A house is not just a roof over your head. It’s the architectural expression of a life. It’s an extension of your personality and aesthetic. Whether its walls are carefully adorned or its laundry room is overflowing, the house tells the story of the family who lives within it.
My parents’ house burned down last week in the Northern California fires. They lived in Santa Rosa. They retired to a house with a beautiful view and filled it with beautiful things and beautiful people who visited from all over. It was their dream home, and Mom used to joke that they’d have to roll her out of it. That was before the fire roared right down their street.
Whole communities were reduced to dust. So far the fires have scorched 220,000 acres and claimed 40 lives.

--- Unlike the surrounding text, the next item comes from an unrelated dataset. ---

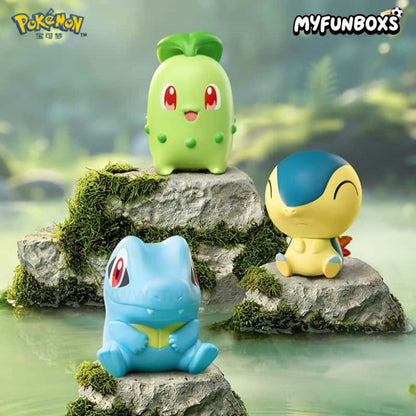 Pokémon Mini Encounter First Partner Series Figure Blind Box(PRE-ORDER)
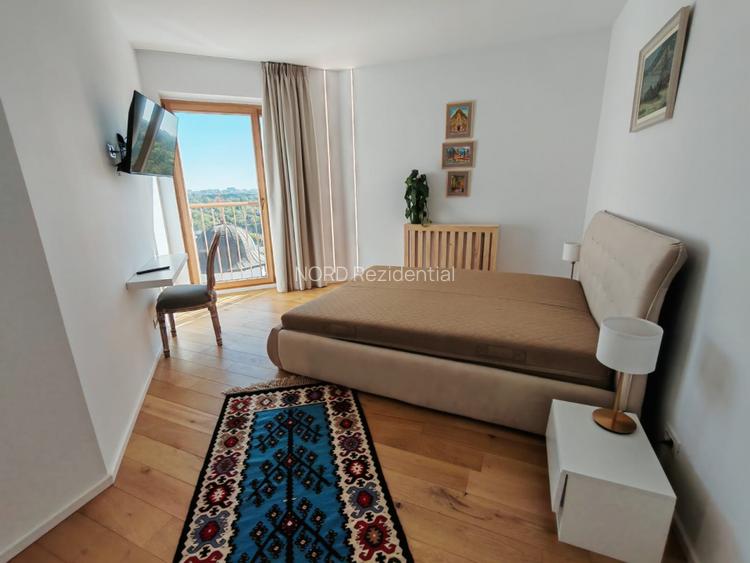 Apartament 3 camere  Monte Carlo Palace Casa Presei - 12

The father of a friend wrote about the ache of putting his house up for sale recently, “any place you live a life you love develops ties that bleed when you cut them.” But does it merely bleed when the loss of the home is not your choice? And what does it mean when 3,000 are gone? Is it hemorrhaging?
I am so grateful that my parents were not there when it happened. They were away on a trip scheduled to return the next day. Yet “What Ifs” keep me up at night: what if they slept through it; what if they tried to gather too many vital documents; what if they searched just a little too long for their beloved cat? Poor, sweet LouLou.
Mornings are hard. Mornings punch you in the gut with the fact that this is not a dream, that your life is forever changed. Heirlooms are gone, as are all the photos of your family before the digital age, and everything you proudly collected – art, books, model trains. And you miss your cat.
Now they wait to return to a pile of ash. And they are resilient. They are sad but determined. Frustrated but hopeful. They do not regret. They do not despair. They are alive, and they are making plans. They are amazing. We are lucky.